Ich bin mit progressiver Musik aufgewachsen. Mit Bands wie Genesis und Yes. Gleichzeitig habe ich aber auch Lou Reed, Iggy Pop, Patti Smith, die Ramones und die New York Dolls geliebt. Die hatten viel mit Strassenpoesie am Hut. Ihre Musik klang so, als ob sie jeder nachspielen könnte. Da spürte man etwas raus, was jeder von uns in sich trägt. Aber wir waren mehr an der Indie-Seite des Punks interessiert, nicht am Lifestyle, wie ihn zum Beispiel The Clash verkörperten.

Geht der Titel eures neuen Albums, "Graffiti Soul", zurück zu dieser Zeit der Strassenpoesie?

Ja, ein Stück weit auf jeden Fall. Ich möchte im nächsten Jahr ein Projekt umsetzen, das "Lost Boy" heisst. Viele Leute versuchen mich zwar davon abzuhalten, aber das werde ich durchziehen. Einen Teil aus "Graffiti Soul" habe ich mit meiner Zeit als 17-Jähriger verbunden, mit meiner damaligen Mentalität. Diesen verlorenen Jungen lässt man zwar zurück, aber man wird ihn nie ganz los. Irgendwo in "Graffiti Soul" ist er noch vertreten. Ich werde das weiter verfolgen.

"Graffiti Soul" gehe auf Themen wie Reisen, Abschied und Wiedersehen ein. Das tönt sehr optimistisch. Ist das Album optimistisch?
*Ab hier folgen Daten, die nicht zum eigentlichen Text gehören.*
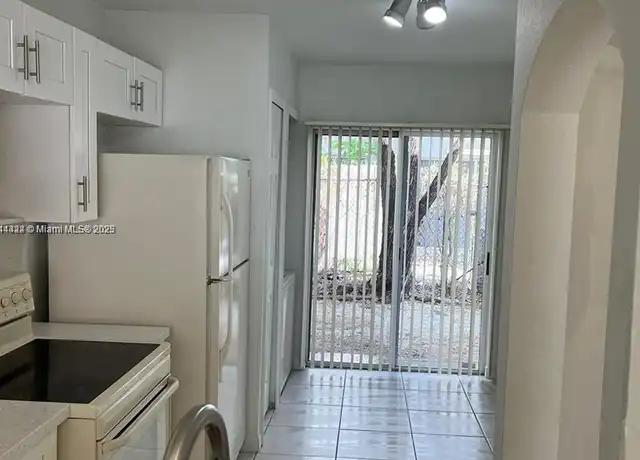Property at 2901 SE 13th Rd Unit 102-41, Homestead, FL, 33035, 2 beds, 2 baths, [object Object]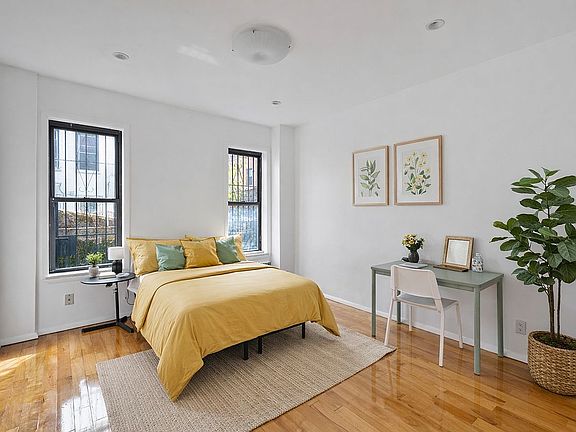 3rd image of 179 Ocean Pkwy APT 1E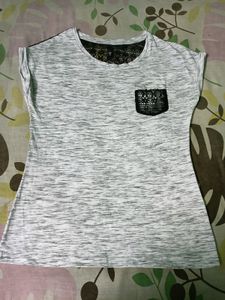 Max Women Wear T-shirt
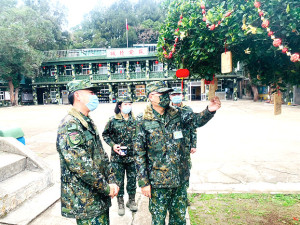指揮官視導營區春節整備。(圖:林上人)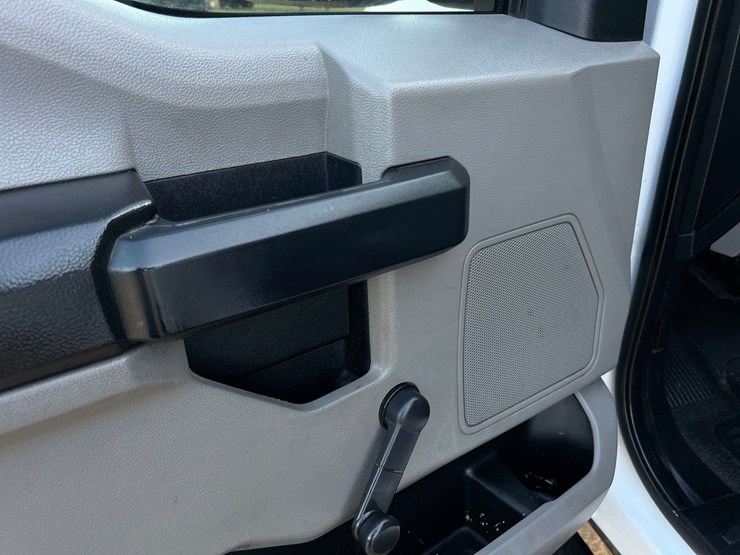 2020-ford-f350-image-10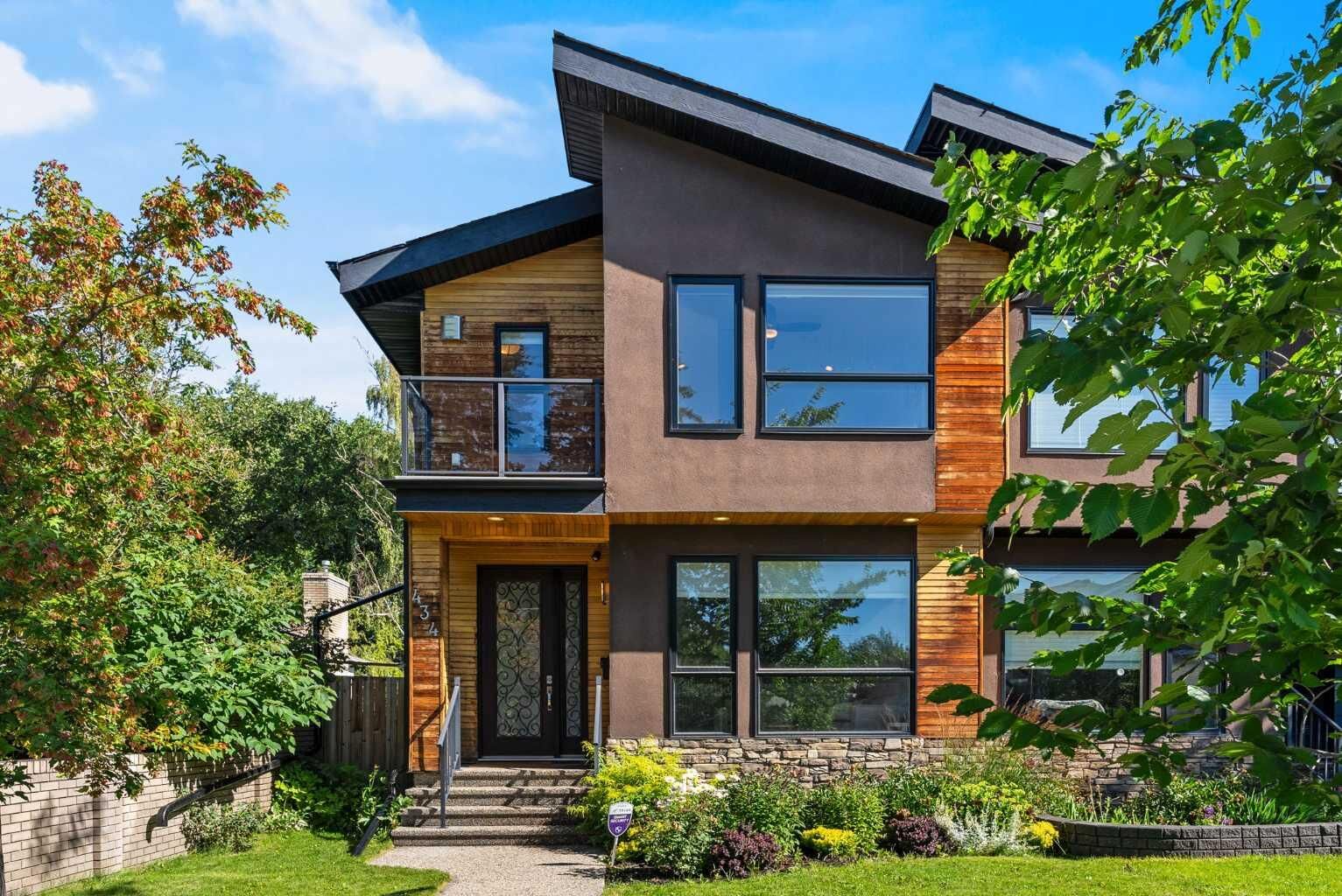 Property Photo:  434 30 Avenue NW  AB T2M 2N4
Simple Minds sind optimistisch. Aber die Dunkelheit mögen wir auch, das hört man besonders gut im ersten Song auf dem Album. Aus dieser Dunkelheit finden wir den Weg ins Licht. Charlie [Gitarrist bei Simple Minds] wollte zwar nicht mit dem Song beginnen. Ich war aber überzeugt, dass wir genau wegen dieses Wechsels das Album so lancieren sollten.

Ihr habt in der Vergangenheit für Nelson Mandela und am Live Aid gespielt. Wie wichtig sind euch solche Auftritte, um politisch Stellung zu beziehen?

Ich hatte meine Zweifel, ob diese Konzerte wirklich etwas bewirken. Aber ich bin so aufgewachsen, dass man helfen muss, wenn man helfen kann. Und ich habe gelernt, was falsch und unfair heisst. Ich weiss, was Menschenrechte sind. Als wir angefragt worden sind, für Nelson Mandela zu spielen, haben wir keine Sekunde gezögert. Er hat mal etwas sehr schönes zu uns gesagt. Als es verboten gewesen sei, laut zu protestieren, habe er immer die Stimmen der Künstler gehört. Die Stimmen der Musiker, Maler, Journalisten. Dies habe ihm Mut gegeben.

www.simpleminds.com

"Graffiti Soul" von Simple Minds erscheint am 22. Mai 2009.